O Kremlin sofreu o colapso do Estado soviético e um calote do governo durante longos períodos de baixa no preço do petróleo, o que leva a crer que a mudança da situação representa desafios extremos. Os especialistas, porém, afirmam que o país está muito mais forte hoje que nos anos 80 e em 1998, épocas das crises anteriores, principalmente no setor privado, bem mais robusto.
Putin já engavetou os planos de megaprojetos como o do gasoduto South Stream para enviar gás para o sul da Europa e o do trem de alta velocidade de Moscou a Kazan, a leste da capital.
Alguns analistas acreditam que as mudanças afetem também a área política, com o presidente tentado a suavizar sua posição agressiva e anti-Ocidente; outros, porém, temem que ele faça justamente o contrário, alegando que sua necessidade de distrair a atenção dos problemas econômicos possa inspirar outras aventuras nacionalistas no exterior, semelhantes à anexação da Crimeia.

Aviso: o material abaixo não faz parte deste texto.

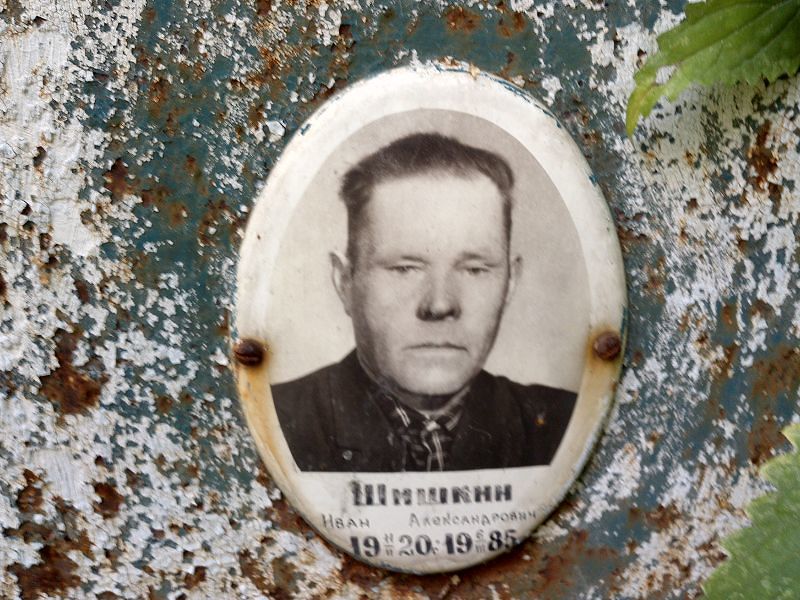 Шишкин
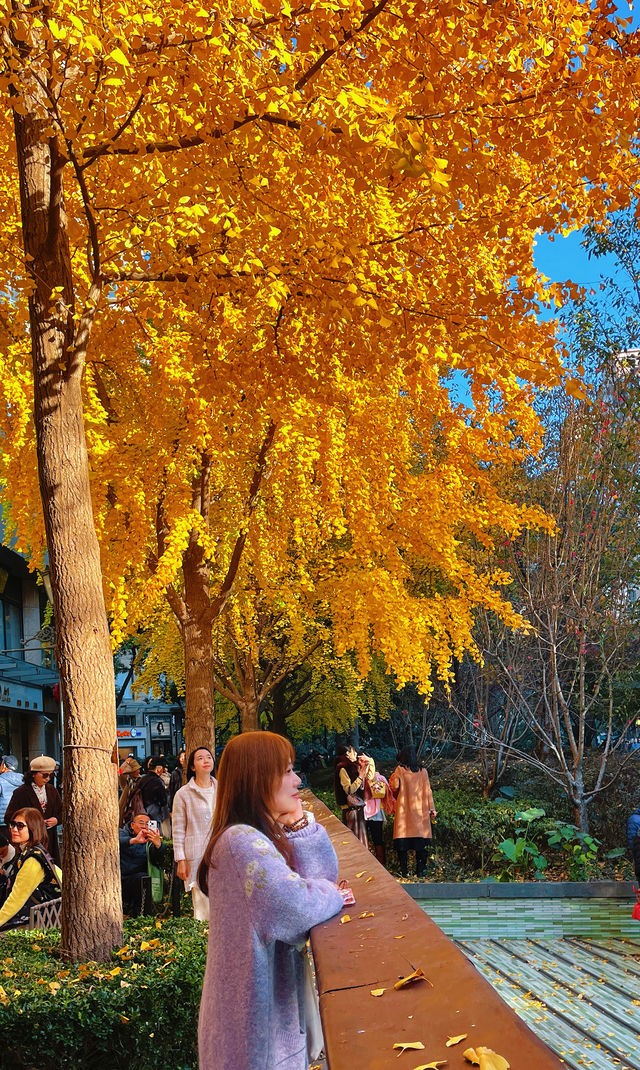 金色暴擊!上海黃金城道銀杏濃度已滿格! 金色暴擊!上海黃金城道銀杏濃度已滿格!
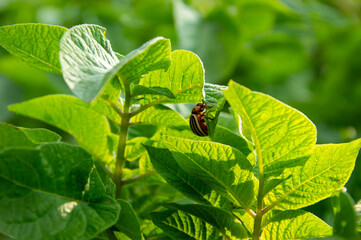 A striped beetle is observed resting on lush green leaves, illuminated by bright sunlight in a...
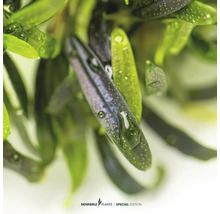 Nahaufnahme von Aquarienpflanzen mit länglichen Blättern und Wassertropfen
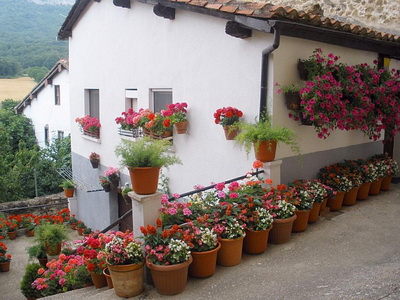 Edényes növények Spanyolországban kép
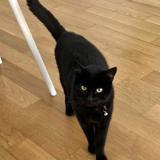 Picture of cat lost at Epalinges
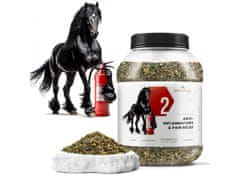 sarcia.eu Phytoseo bylinná směs PHYTO HORSE 2 - protizánětlivá - 1,2 kg 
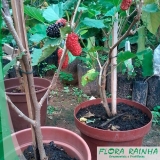 comprar mudas de amora Vila Anastácio comprar mudas de amora Vila Anastácio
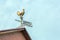 Decorative metal weather vane in the form of a rooster on the roof of the house as a symbol of dawn
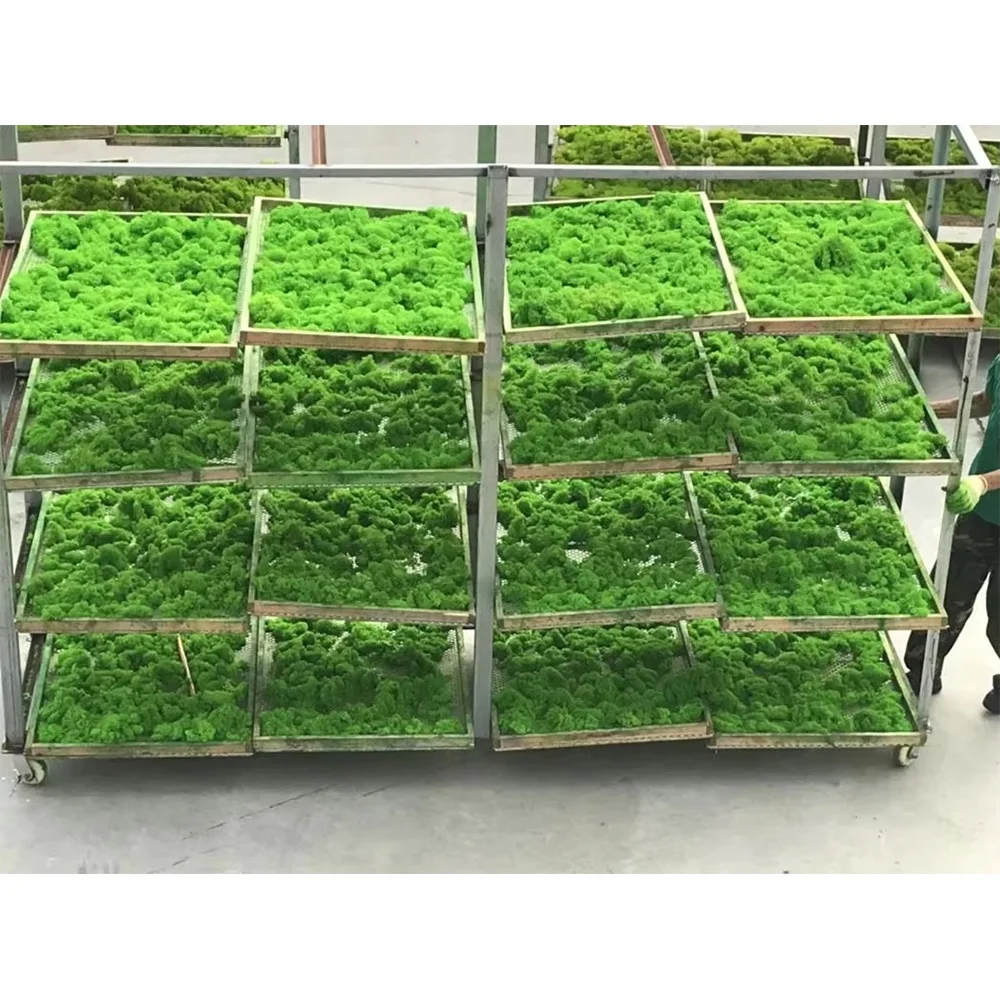 wholesale preserved moss wall preserved lichen moss reindeer real natural preserved moss for DIY home decoration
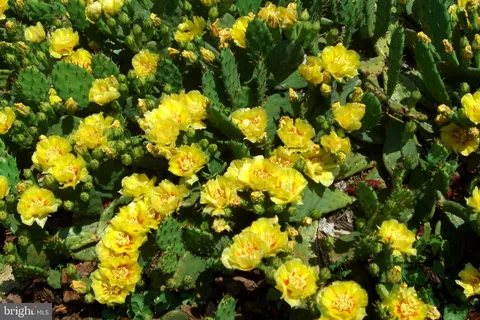 $565,000 | 9204 Burbank Road, Philadelphia, PA 19115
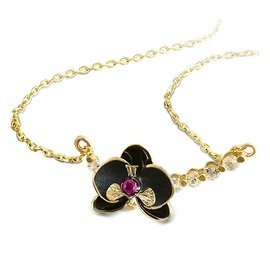 ROBERTO BRAVO DE ROSA ORHP0004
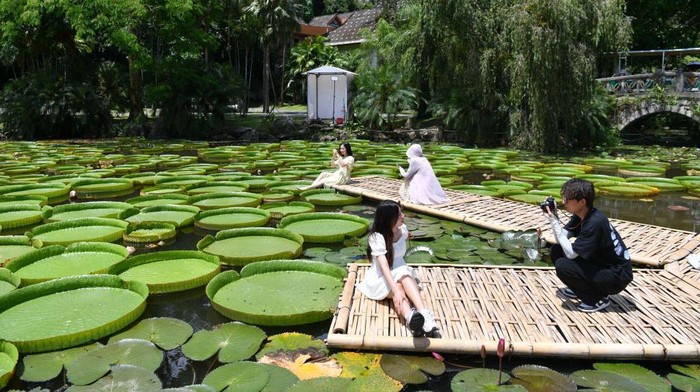 1406658577 XISHUANGBANNA, CHINA - JULY 03: Tourists pose for photos with Giant Water Lily (Victoria amazonica) leaves at Xishuangbanna Tropical Botanical Garden of Chinese Academy of Sciences on July 3, 2022 in Xishuangbanna Dai Autonomous Prefecture, Yunnan Province of China. (Photo by Liu Ranyang/China News Service via Getty Images)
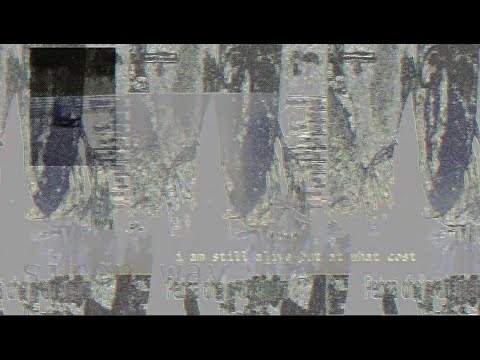 The Castle City Collab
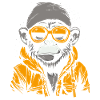Cool jacket, sunglasses, cool monkey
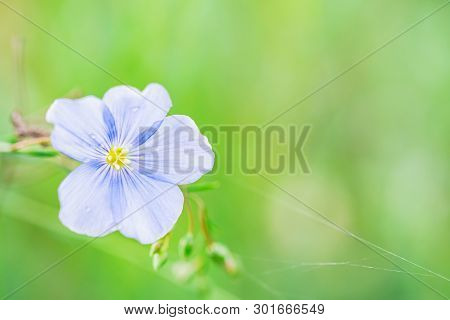 Close Up Beautiful Blue Flower Of Flax Blooming In Field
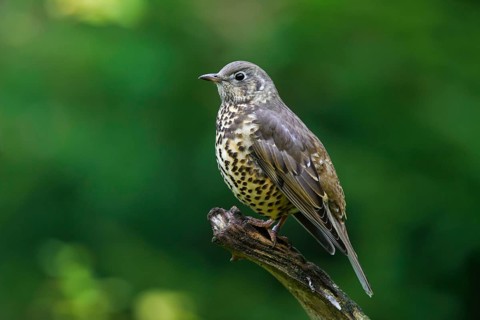 Mistle Thrush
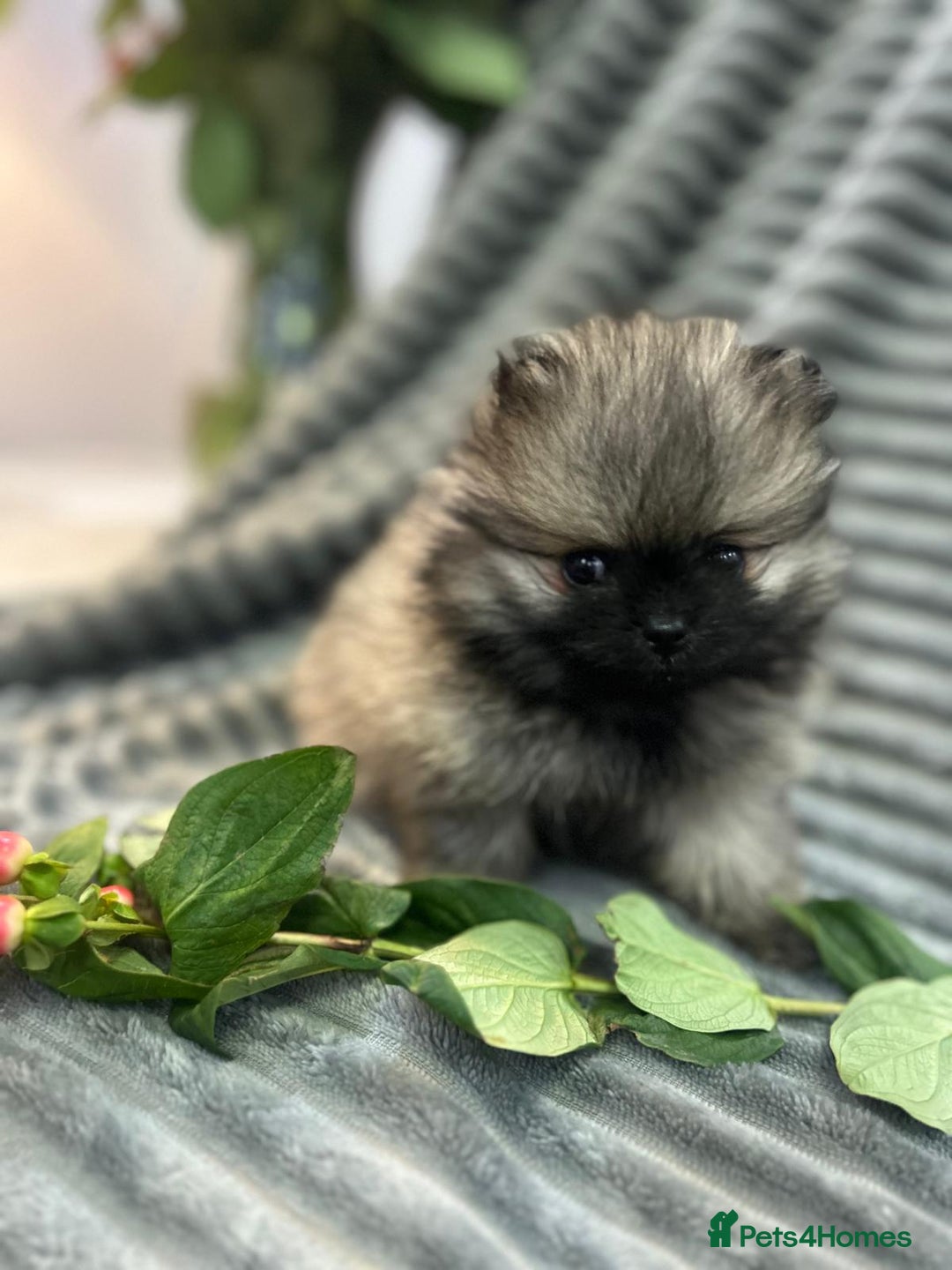 Pomeranian dogs for sale: Show quality tiny beautiful show stopper poms 💙🩷 - Advert 6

"É uma realidade completamente nova para Putin, afinal toda vez que a Rússia quis que o preço do petróleo subisse, ele subiu. Sempre teve sorte, mas desta vez, nem tanto", afirma o conceituado economista Sergei M. Guriev, que fugiu e vive no exílio desde o ano passado.
A Rússia é extremamente dependente do petróleo, que representa cerca de 60 por cento de suas exportações. Com o colapso dos preços coincidindo com a grave turbulência econômica decorrente das sanções do Ocidente por causa da desestabilização da Ucrânia, Putin está arriscado a perder o motor que deveria levar a nação de volta ao cenário mundial.
Para os especialistas, o problema mais sério da Rússia é a crise financeira. O país deve quase US$700 bilhões aos bancos ocidentais, quantia essa representada em grande parte pelas empresas estatais que constituem o cerne de sua economia; o problema é que as sanções impostas pelos EUA e Europa sobre a anexação da Crimeia e a operação no sul da Ucrânia bloquearam o acesso ao financiamento do Ocidente. A dívida ameaça enxugar a reserva em moeda estrangeira do Kremlin, que é de US400 bilhões.
Em relação ao temor pelo preço do petróleo, Putin disse que os preços se mantiveram altos o suficiente no primeiro semestre do ano para financiar o orçamento e que o país terá que "esperar para ver" o que acontece no ano que vem.
E também tentou mostrar que a desvalorização do rublo pode ser útil. "Costumávamos vender em dólares e receber 32, 35 rublos; com o câmbio de hoje, obtemos 45, 47 ou até 48 rublos por cada dólar do que vendemos. Nesse aspecto, a receita também aumentou", comentou Putin. Desde então, esse número subiu para 54.
O Ministro das Finanças, Anton Siluanov, chamou o relatório que prevê a recessão de uma "estimativa preliminar" que não foi aprovada ainda pelo gabinete todo. Os problemas retardaram ou enterraram de vez os planos de aumentar os salários, melhorar a saúde pública e baratear a moradia, projetos definidos em uma série de decretos populistas que Putin anunciou no primeiro dia de seu terceiro mandato, em 2012.
"A Rússia está numa crise econômica; é claro que agora todos esses planos grandiosos são irrelevantes", comenta o analista econômico independente Kirill Rogov. E seus efeitos estão apenas começando: uma vez que os russos como os aposentados, por exemplo perceberem que o rublo está perdendo o poder de compra, certamente vão exigir um aumento para poder continuar comprando tanto quanto antes. Só que a prioridade é o socorro às estatais.
"O problema é que ele não pode mais cumprir as promessas econômicas, então vai tentar resgatar a nostalgia pós-imperialista; vai dizer que não somos mais ricos, mas pelo menos somos temidos", comenta Guriev.
Entretanto, o tom da propaganda na TV estatal mudou do triunfalismo para a determinação de que os russos são capazes de qualquer sacrifício para superar os EUA. Um outdoor instalado recentemente no principal cruzamento em Sadova, perto do Moscou, proclamava: "Há coisas mais importantes na vida que o mercado financeiro", fazendo referências à história russa.
"Deixaram a ideia de grandeza para falar das dificuldades, resultado do combate à dominação norte-americana. A missão ganhou uma definição diferente", diz o oposicionista Vladimir Milov.